Os jornalistas dos órgãos de comunicação social públicos vão beneficiar de um ajustamento salarial de 27% a partir de Outubro deste ano, anunciou ontem, quinta-feira, em Luanda, o secretário de Estado para a Comunicação Social, Nuno Caldas Albino.
Segundo o governante, o pacote prevê ainda um segundo incremento, de 31% em Janeiro de 2026, relativo à progressão de carreiras, que permitirá alcançar um aumento cumulativo de 58%.
Em alguns casos, particularmente para os quadros core – profissionais directamente ligados à produção noticiosa e editorial –, as actualizações poderão atingir até 75%.
O responsável explicou que a proposta partiu dos Conselhos de Administração das empresas públicas do sector, tendo o Executivo validado os ajustamentos “dentro das reais capacidades financeiras do Estado”.
“Existe grande preocupação das empresas, sobretudo com o capital humano. Por este facto, estão em curso programas para a melhoria das condições de trabalho, sociais e financeiras dos profissionais da comunicação social, que estão no centro das nossas preocupações”, sublinhou Nuno Caldas.
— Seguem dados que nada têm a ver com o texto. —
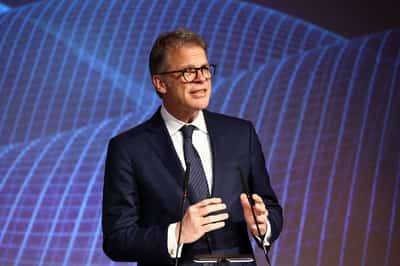 Image for Deutsche Bank CEO calls 2025 a 'year of reckoning'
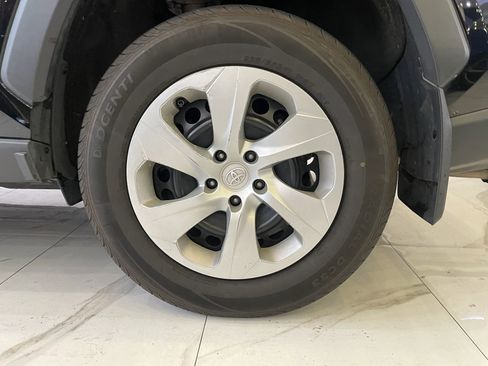 Used 2021 Toyota RAV4 LE AWD/4WD image 31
Ameaça de greve em Setembro
O anúncio surge num momento particularmente sensível para a classe jornalística. O Sindicato dos Jornalistas Angolanos (SJA) havia convocado uma assembleia-geral para o próximo dia 2 de Setembro, com o objectivo de deliberar sobre a realização de uma greve nacional.
Entre as principais reivindicações estavam a actualização dos salários, considerados desajustados face ao custo de vida, e a melhoria das condições laborais em várias empresas públicas de comunicação social.
A pressão sindical gerou receios de uma paralisação inédita no sector, que poderia comprometer a produção e difusão noticiosa em todo o país.
Apesar do anúncio do Governo, a direcção do SJA não afastou, até ao momento, a possibilidade de manter a agenda da assembleia, alegando ser necessário avaliar com os associados se as propostas oficiais respondem, de forma satisfatória, às exigências apresentadas.
O Executivo garante, contudo, que continuará aberto ao diálogo. “O direito à greve é constitucional e respeitado. O importante é mantermos sempre uma via de concertação permanente”, frisou o secretário de Estado.